* [The problem]: Reproduce exactly, and only, the lines of the material below running from the line bearing "ANGELA BOS Blu-ray" through the line bearing "RM Williams S26". Leave any pictures out.

* [Source material]:
-*-*-

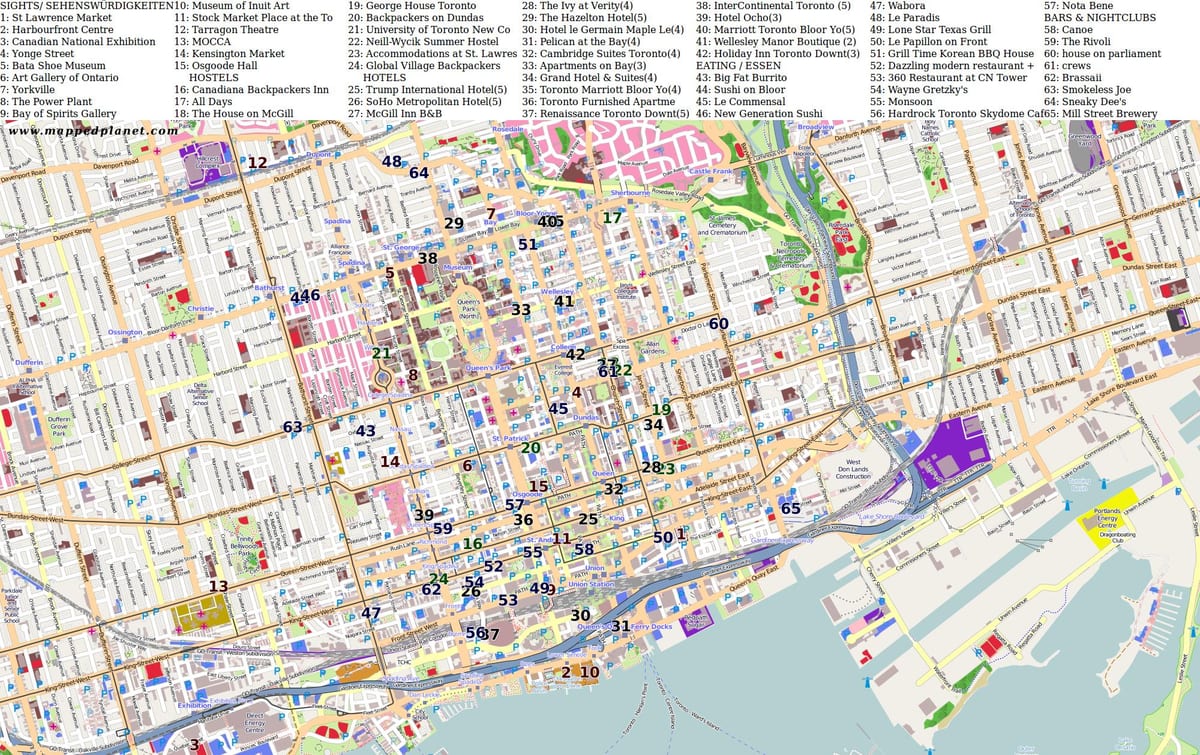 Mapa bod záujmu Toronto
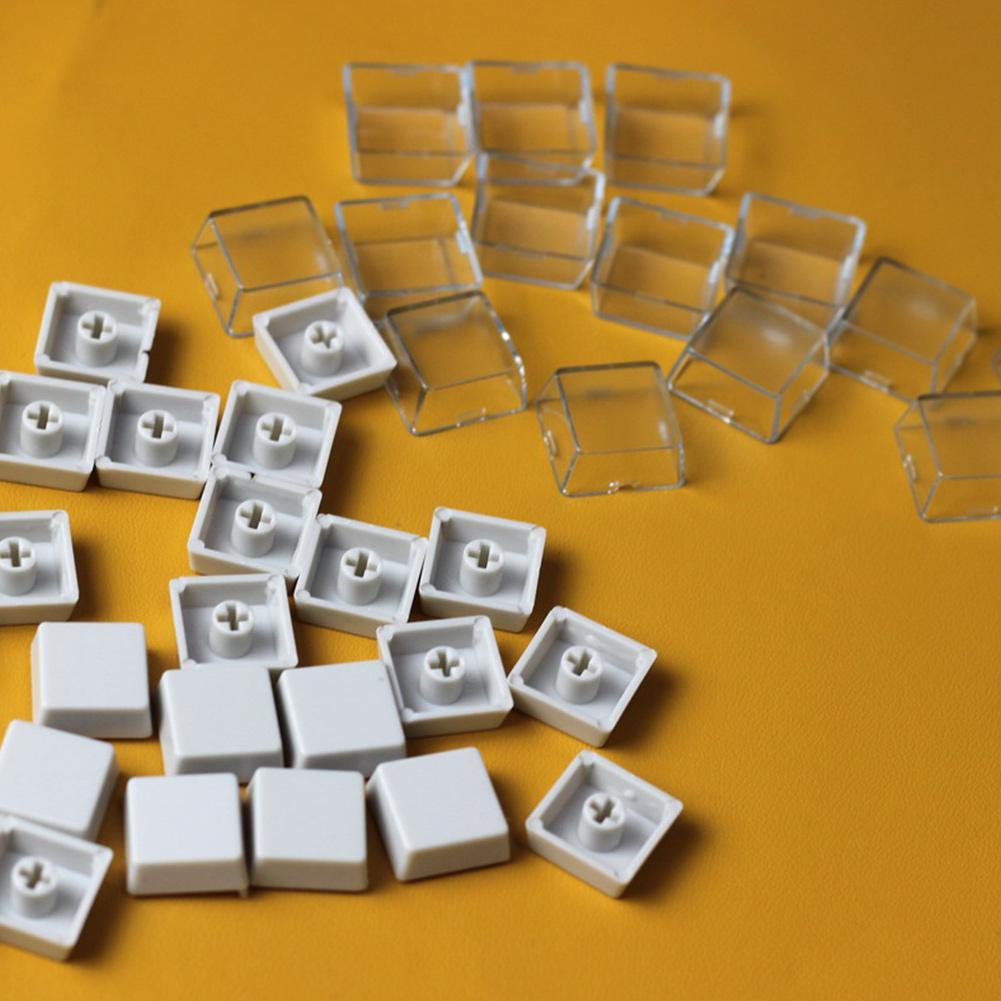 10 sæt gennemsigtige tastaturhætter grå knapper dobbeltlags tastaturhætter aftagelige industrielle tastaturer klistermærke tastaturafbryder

-*-*-

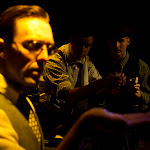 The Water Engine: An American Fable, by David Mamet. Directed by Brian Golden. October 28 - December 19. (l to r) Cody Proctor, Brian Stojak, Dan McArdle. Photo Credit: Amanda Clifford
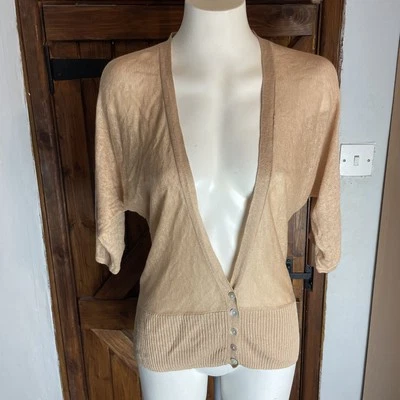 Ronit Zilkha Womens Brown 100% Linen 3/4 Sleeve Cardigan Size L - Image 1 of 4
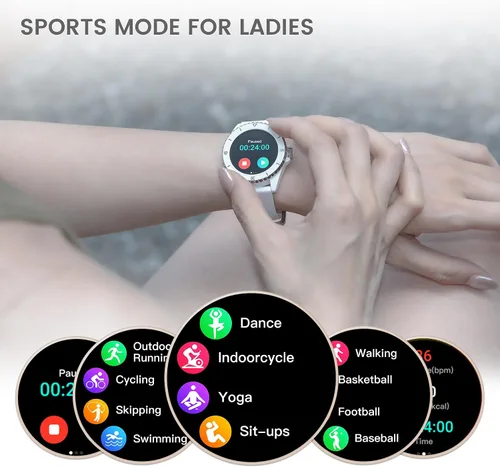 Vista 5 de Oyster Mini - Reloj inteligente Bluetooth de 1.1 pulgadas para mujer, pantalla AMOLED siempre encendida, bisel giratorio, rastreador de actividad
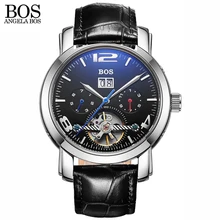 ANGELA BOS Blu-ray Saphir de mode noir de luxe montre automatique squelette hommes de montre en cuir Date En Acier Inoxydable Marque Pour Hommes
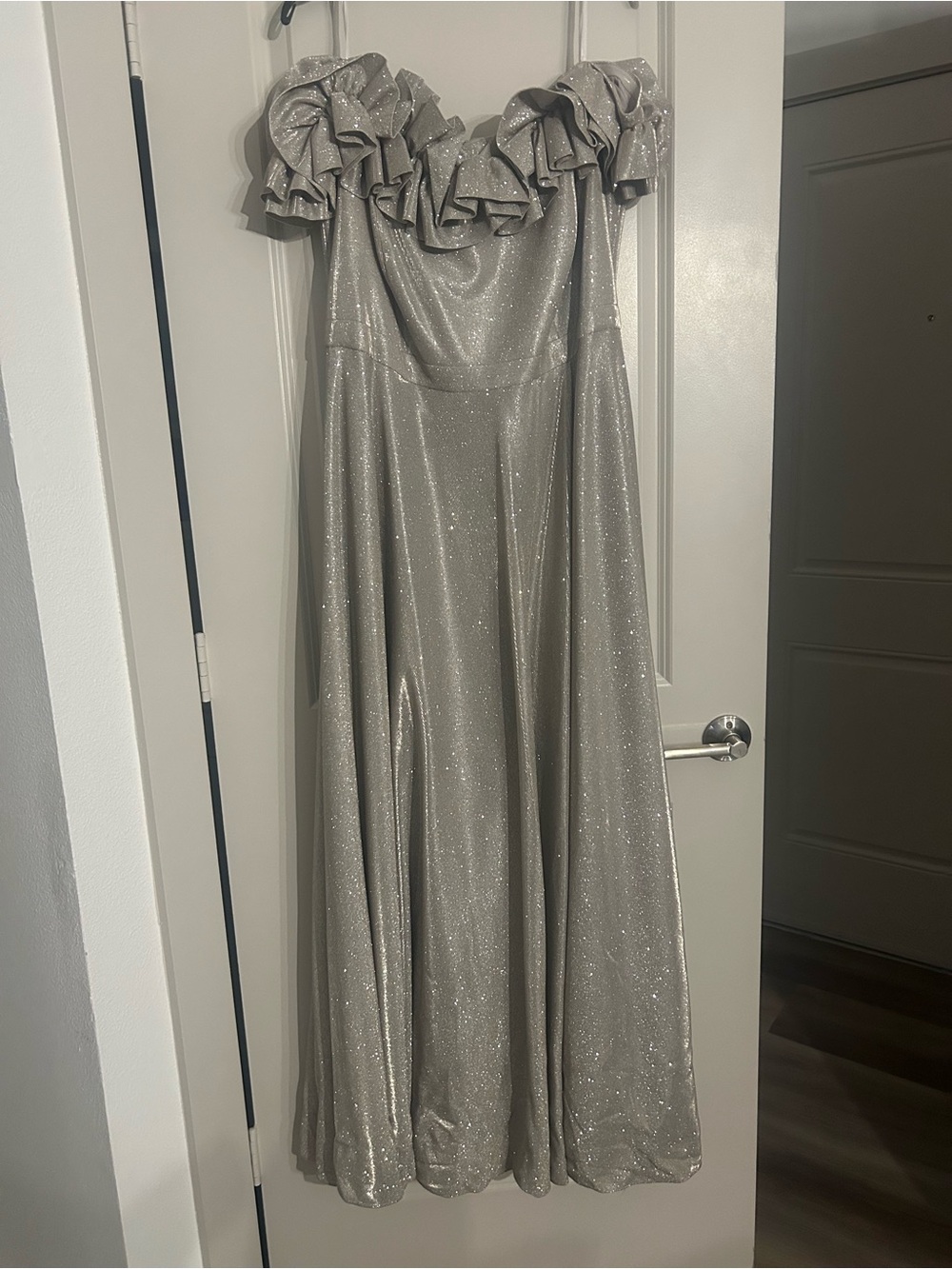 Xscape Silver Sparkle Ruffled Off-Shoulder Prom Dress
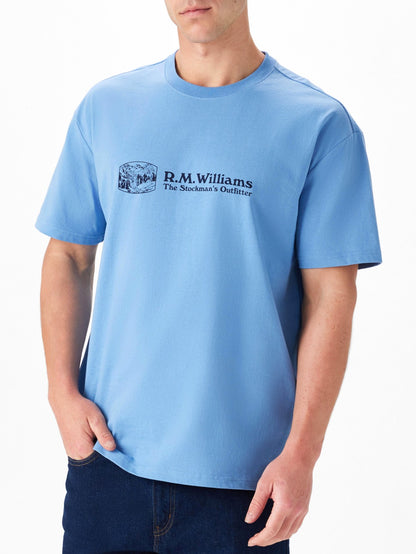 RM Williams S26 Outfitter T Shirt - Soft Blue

-*-*-

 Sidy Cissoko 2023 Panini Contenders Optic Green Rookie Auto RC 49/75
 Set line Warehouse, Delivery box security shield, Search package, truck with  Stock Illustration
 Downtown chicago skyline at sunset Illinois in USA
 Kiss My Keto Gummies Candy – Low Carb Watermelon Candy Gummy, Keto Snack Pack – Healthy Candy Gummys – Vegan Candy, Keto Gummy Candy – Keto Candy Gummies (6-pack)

-*-*-

* [Answer space]:
 ANGELA BOS Blu-ray Saphir de mode noir de luxe montre automatique squelette hommes de montre en cuir Date En Acier Inoxydable Marque Pour Hommes
 Xscape Silver Sparkle Ruffled Off-Shoulder Prom Dress
 RM Williams S26 Outfitter T Shirt - Soft Blue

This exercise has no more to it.